For me it is a very good thing that most of the cigars that I buy are protected by an essentially plant based wrapping as opposed to some polymer or monomer that could potentially be broken down by the oils of the cigar causing some molecular migration of said plastics into my cigars.

I suspect that the use of the word "cellophane" when it comes to cigars is in the strict sense of the word (plant based in origin) and hopefully not being used in the generic vernacular...On it stays, but I do carefully remove it for photos, then carefully place them back on before I bed them down.

-Richard

PS If you look near the bottom of this page(above Quick Reply), to the left side under the word "*Tags*" you will see the word "cello", click on that and find many more opinions on the subject of "cello" and a cigars various stages of undress.


----------



## Jack Straw (Nov 20, 2008)

I prefer to take them off when I can.


----------



## Cypress (Jun 27, 2007)

Here is the catch. If you do not plan to move them around and your humi is organized and big enough then take off. Otherwise leave them on that way they do not get damaged from trying to look for that certain stick.


----------



## dubels (Jun 21, 2009)

How well does the wrapper vent?


----------



## Spit&Chew (May 26, 2009)

I leave mine on until i smoke them. That way my wife can yell at me about leaving the "cigar wrappers" lying around. Ha Ha :rotfl:


----------



## MattB (May 28, 2009)

I leave them on till I smoke them, just keeps them protected from myself and whatever else comes along.


----------



## Tarks (Mar 3, 2009)

Keep them on. Won't hurt nothing.


----------



## GlockG23 (Mar 7, 2009)

Cypress said:


> Here is the catch. If you do not plan to move them around and your humi is organized and big enough then take off. Otherwise leave them on that way they do not get damaged from trying to look for that certain stick.

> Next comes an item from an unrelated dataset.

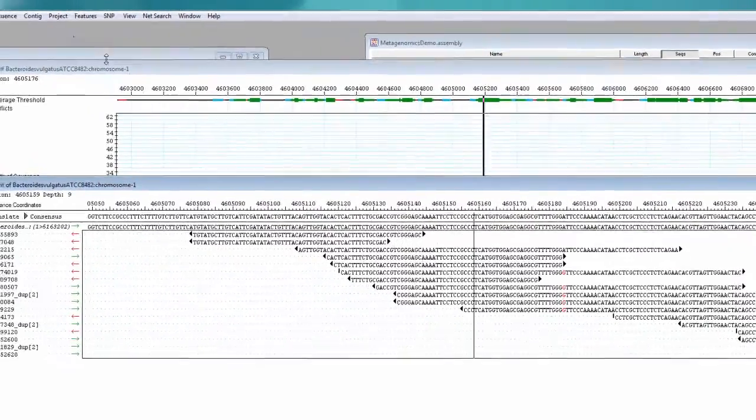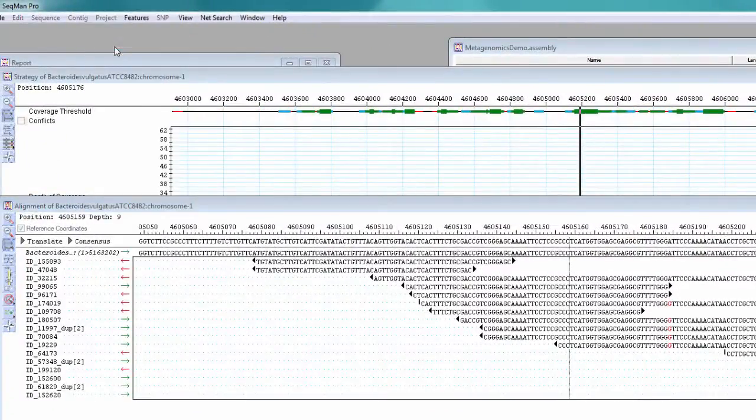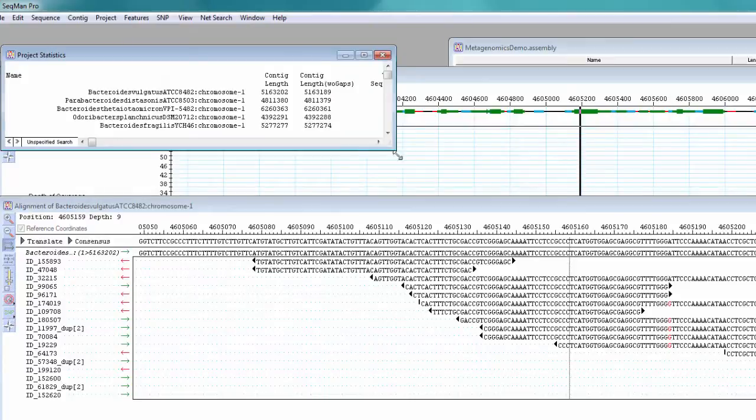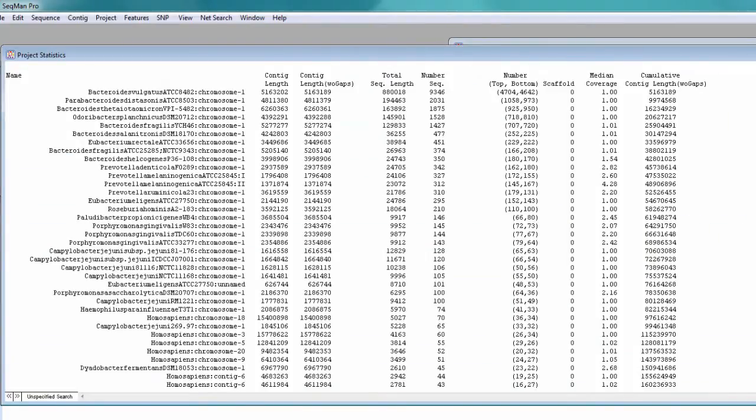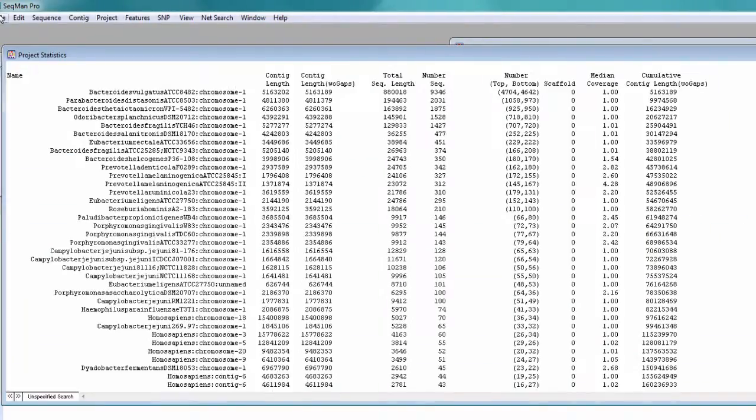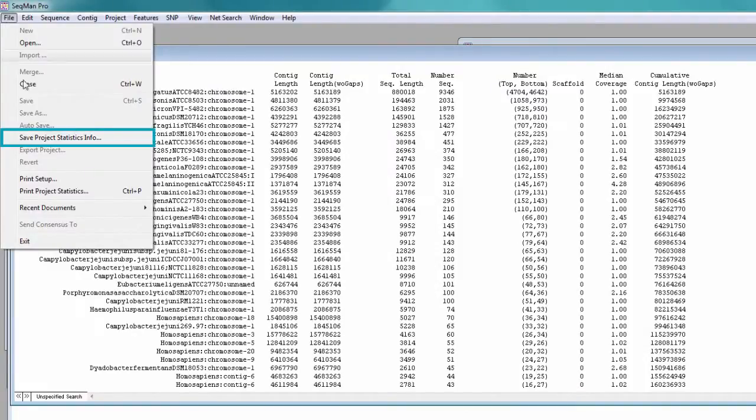You can also go to Project Statistics to view the results in a table, then save this as a tab-delimited file to import into other applications.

Perfect response post I think


----------



## Herf N Turf (Dec 31, 2008)

I've only been a member here since the first of the year and I've seen this thread come up three times since then. This will go on for 5-6 pages and there will be no, definitive, "best practice." I have damn good reasons for taking mine off. Others have damn good reasons for leaving them on.

Go with the force.


----------



## tx_tuff (Jun 16, 2007)

I leave them how they come.


----------



## Esoteric (Jun 15, 2009)

I believe it is a personal preference as well but also agree it would be good to take them off if you have a bigger humidor (but definitely not required). 

I have taken them off before for pics but when I put one back on, it nicked the cigar so now I just leave them as they come until smoke time.


----------



## Acesfull (Dec 9, 2007)

Does this answer your question...


----------



## Esoteric (Jun 15, 2009)

Dear Lord!! I would say that answers the question!

That is a beautiful site my friend! I would love to have to take the trash out if it resulted from me taking that many wrappers off that many cigars! Mine would be more like a cigar box full :rotfl:


----------



## Architeuthis (Mar 31, 2007)

The Cello Issue:

NEVER EVER EVER REMOVE THE CELLO!!!!! When I have full boxes in the Storage Squid-A-Dor®, I leave them however they arrived from the vendor.But, when a box gets opened to be moved to the loose stick Squid-A-Dor, even sticks which originally had no cello get it added! Believe me, with around 1100 loose singles Squid® wants the protection for the wrappers. And further more, you might eventually want to be able to identify sticks by vendor, age or whatever. Adding a label to the cigars allows you (as well as anybody you give one to) to be able to determine such information at a glance, instead of simply guessing. (And you'd be silly to attach the label to a naked cigar!) .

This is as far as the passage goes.